本部には、対諜報に関する情報収集、分析などを担当する調査第1部(監督は統合幕僚長)と、基地警備に関する情報収集や隊員の適格性などの情報収集を担当する第2部を置く。
第2部は具体的に、各幕僚長の監督のもとで、隊員と家族の思想信条などの情報を収集、分析する。
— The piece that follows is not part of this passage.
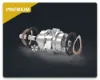 Picture of Alpha-Light M/ Phatelus I M/ Kinetic Viper M Turbine Cartridge/ Ceramic (Premium)
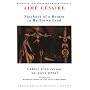 Return to My Native Land (Bloodaxe Contemporary French Poets)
すでに組織改編を行うために必要な防衛相訓令の骨子案も作成、来年度予算に経費を盛り込む。
しかし、こうした情報部門の組織改編の動きに対し、「官邸主導の対米配慮」「実際に機能するか疑問が多い」(空自幹部)など制服組を中心に難色を示す声が漏れている。
特に、外国籍の配偶者の有無など隊員の個人情報については、陸海空自衛隊とも「すでに把握済み」としており、情報保全隊本部への情報提供について慎重な意見や否定的な姿勢を見せる動きも出ている。
↓中日新聞の記事でも、情報保全隊は「外部の情報収集」を担当することになっている。
秘密保持の新組織創設へ イージス艦事件で防衛省
[中日新聞 2007年8月3日 17時39分]防衛省は3日、情報管理を徹底し秘密情報の流出などを防ぐため、陸海空の自衛隊ごとに分かれている情報保全の部隊を統合した防衛相直属の新組織を創設する方針を固めた。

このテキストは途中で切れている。